┌────────
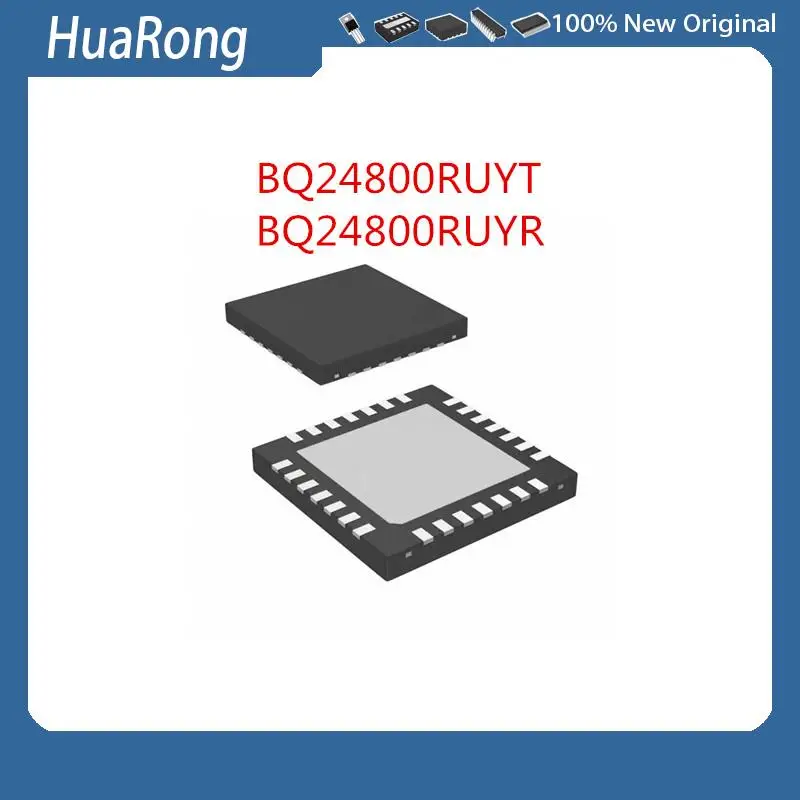 

2 шт./лот BQ24800RUYT BQ24800RUYR BQ24800 24800 WQFN28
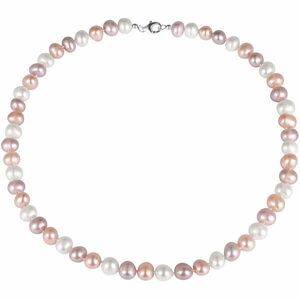 JwL Luxury Pearls Colier multicolor realizat din perle reale JL0568 imagine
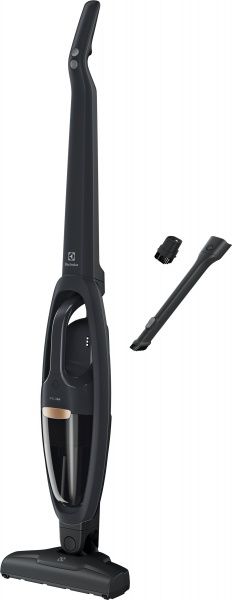 Пылесос аккумуляторный Electrolux WQ61-42GG black 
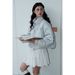girl Girl NEIHE 2025 Fox Fur Collar 90% White Duck Short Women's Down Jacket Winter New Model 257211_ecoleips.com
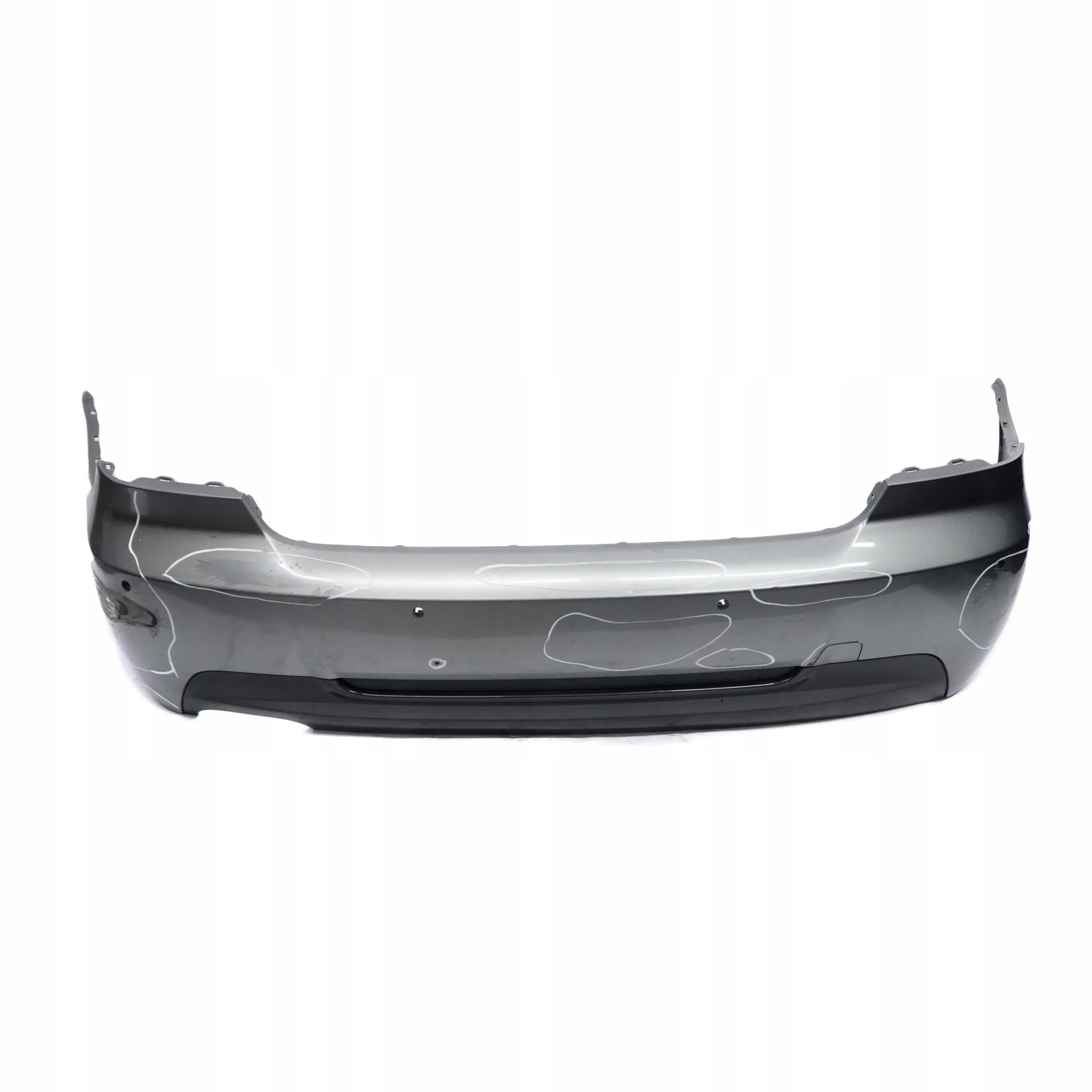 BMW 3 E92 E93 Coupé Convertible M Sport Rear Bumper PDC Spacegrau Grey - A52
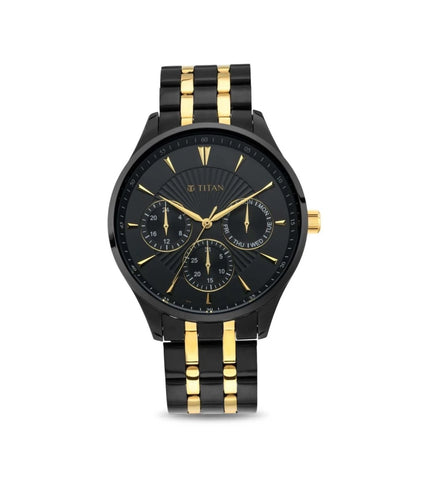 NP90127KM01 | TITAN Regalia Opulent Analog Watch for Men - Buy Now at Sai Creations Watches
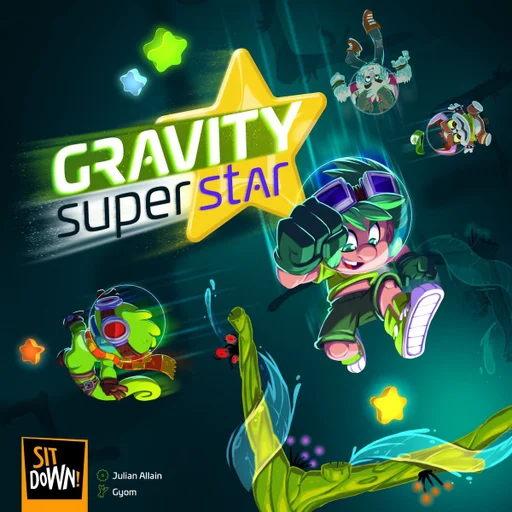 Board game, Gravity Superstar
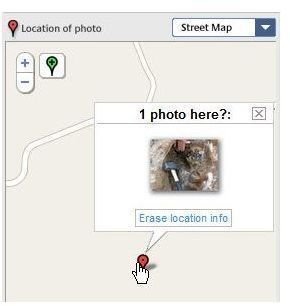 Erase Location Information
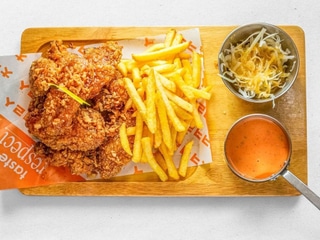 Lemon Garlic Chicken Flat & Drum S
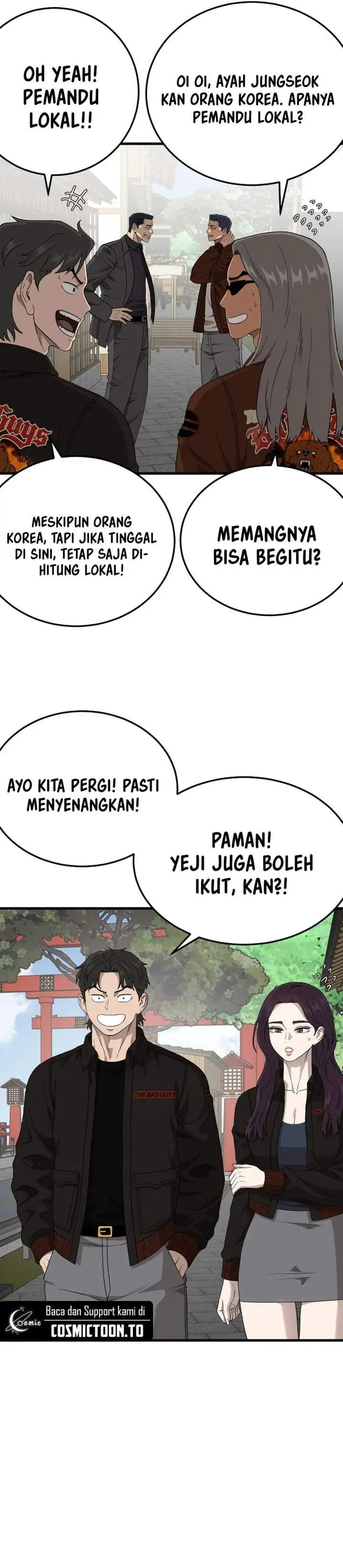 A Bad Person Chapter 306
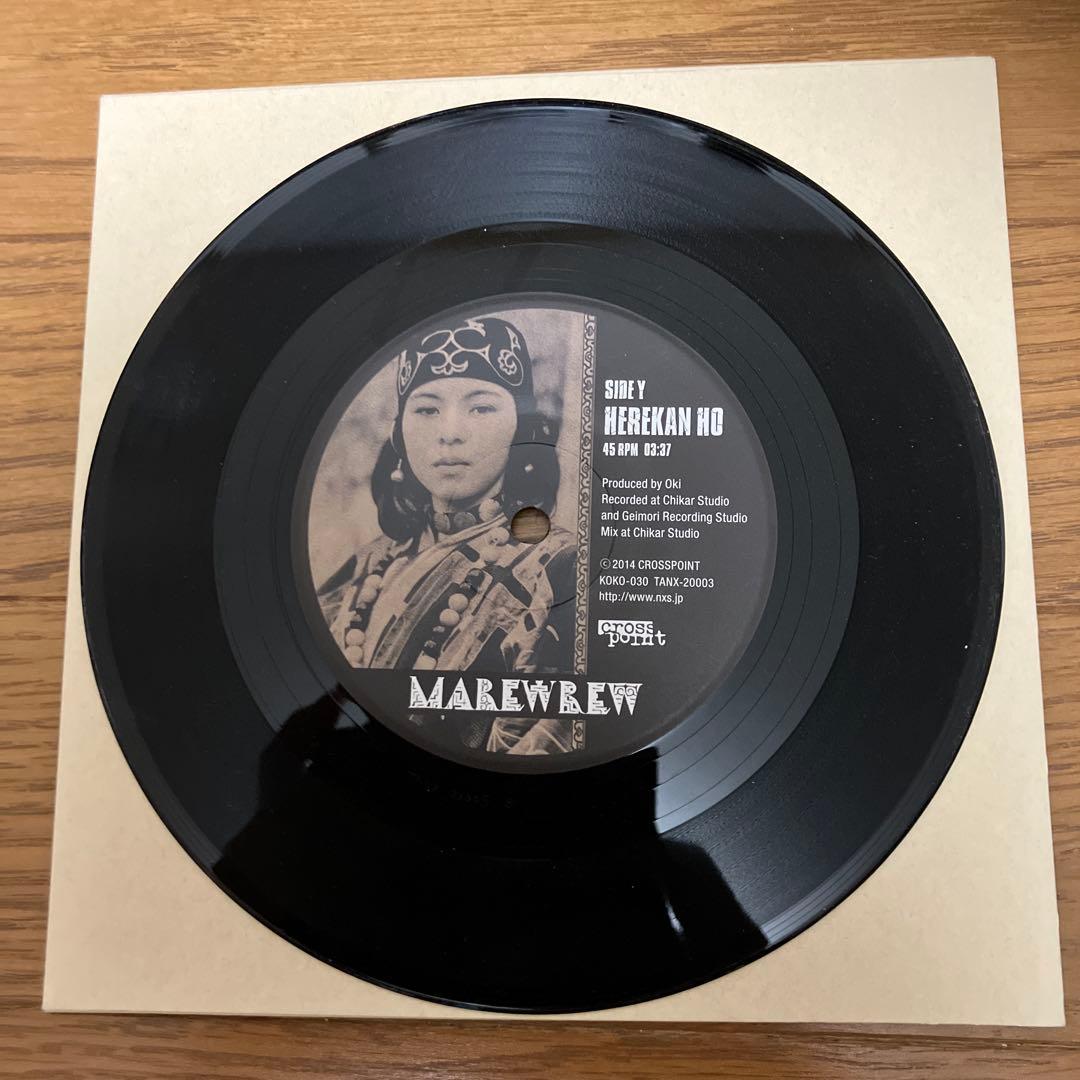 邦楽 7 MAREWREW / KANE REN REN OKI DUB AINU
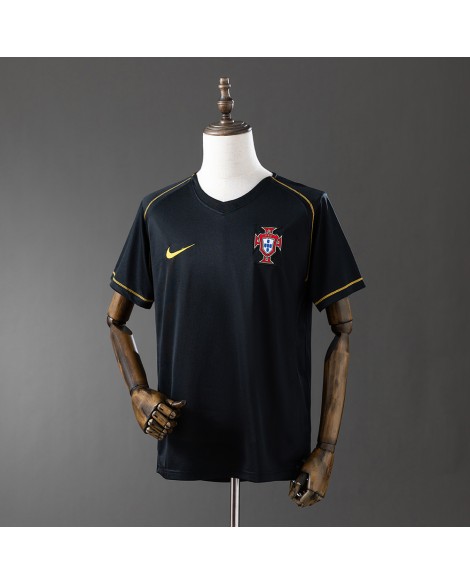 2006 Portugal Auswärtstrikot im Retro-Stil
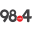 Radio 98.4 logo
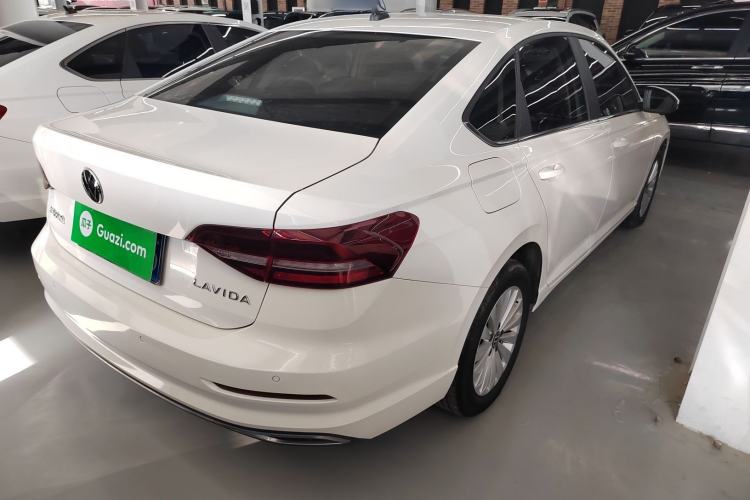 Used Volkswagen Lavida 2021 1.5L Automatic Comfort Edition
└────────
• **Exercise directions**:
Drop every picture from the data, then output all the rest exactly.

• **Written response**:
2 шт./лот BQ24800RUYT BQ24800RUYR BQ24800 24800 WQFN28
 JwL Luxury Pearls Colier multicolor realizat din perle reale JL0568 imagine
 Пылесос аккумуляторный Electrolux WQ61-42GG black 
girl Girl NEIHE 2025 Fox Fur Collar 90% White Duck Short Women's Down Jacket Winter New Model 257211_ecoleips.com
 BMW 3 E92 E93 Coupé Convertible M Sport Rear Bumper PDC Spacegrau Grey - A52
 NP90127KM01 | TITAN Regalia Opulent Analog Watch for Men - Buy Now at Sai Creations Watches
 Board game, Gravity Superstar
 Erase Location Information
 Lemon Garlic Chicken Flat & Drum S
 A Bad Person Chapter 306
 邦楽 7 MAREWREW / KANE REN REN OKI DUB AINU
 2006 Portugal Auswärtstrikot im Retro-Stil
 Radio 98.4 logo
 Used Volkswagen Lavida 2021 1.5L Automatic Comfort Edition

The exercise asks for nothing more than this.